> **Assigned task**: Only the lines from the one containing "A hotel pool" through the final line below belong in the output, copied exactly and without pictures.
◇ ◇ ◇ ◇ ◇ ◇ ◇
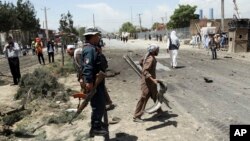 An Afghan man, center, carries the remains of suicide attacker's vehicle in Kabul, Afghanistan, May 31, 2019. 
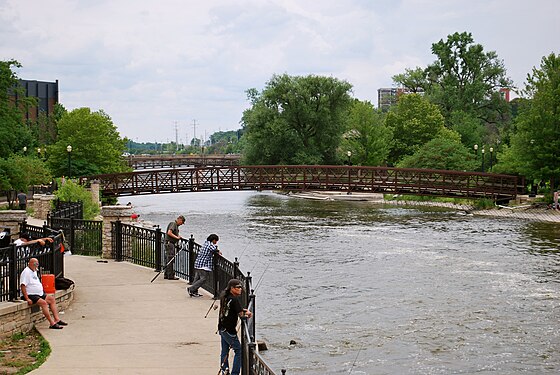 Fishing the Fox River on a riverwalk in Elgin, IL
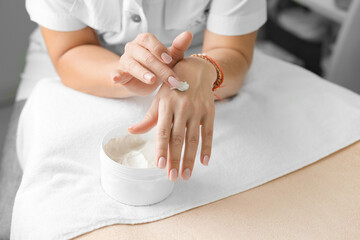 Obraz na płótnie Canvas cold season hands skin protection. closeup woman applying protective cream on hands.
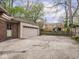 Spacious detached garage with a wide driveway, surrounded by a lush backyard and mature trees, ideal for storage at 5181 E Pleasant Run Pkwy S Dr, Indianapolis, IN 46219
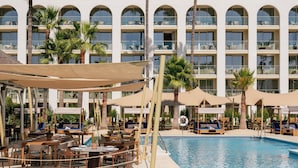 A hotel pool area with lounge chairs, umbrellas, and a clear blue pool.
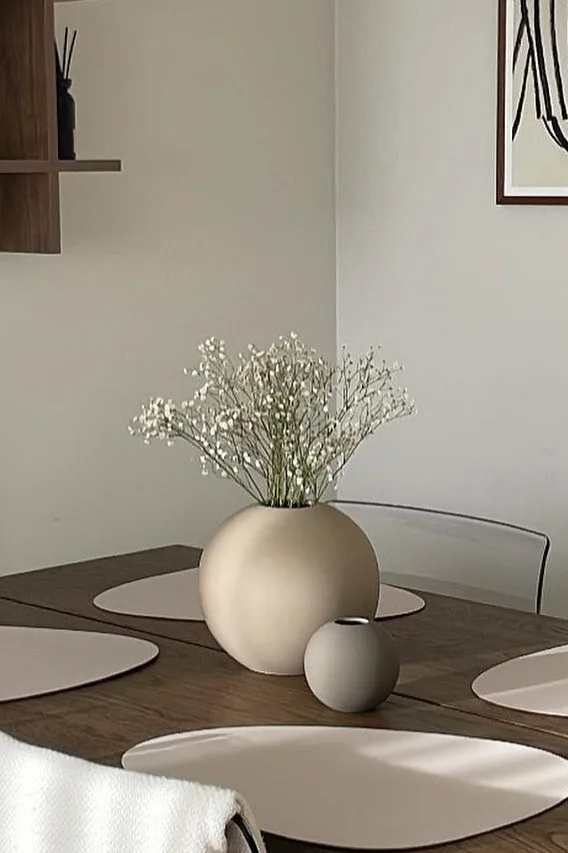 Hiekan ja harmaan värinen Ball-maljakko, jota on kahta eri kokoa, seisoo ruokapöydällä neutraalin värisessä ruokasalissa.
◇ ◇ ◇ ◇ ◇ ◇ ◇
> **Task solution**:
 A hotel pool area with lounge chairs, umbrellas, and a clear blue pool.
 Hiekan ja harmaan värinen Ball-maljakko, jota on kahta eri kokoa, seisoo ruokapöydällä neutraalin värisessä ruokasalissa.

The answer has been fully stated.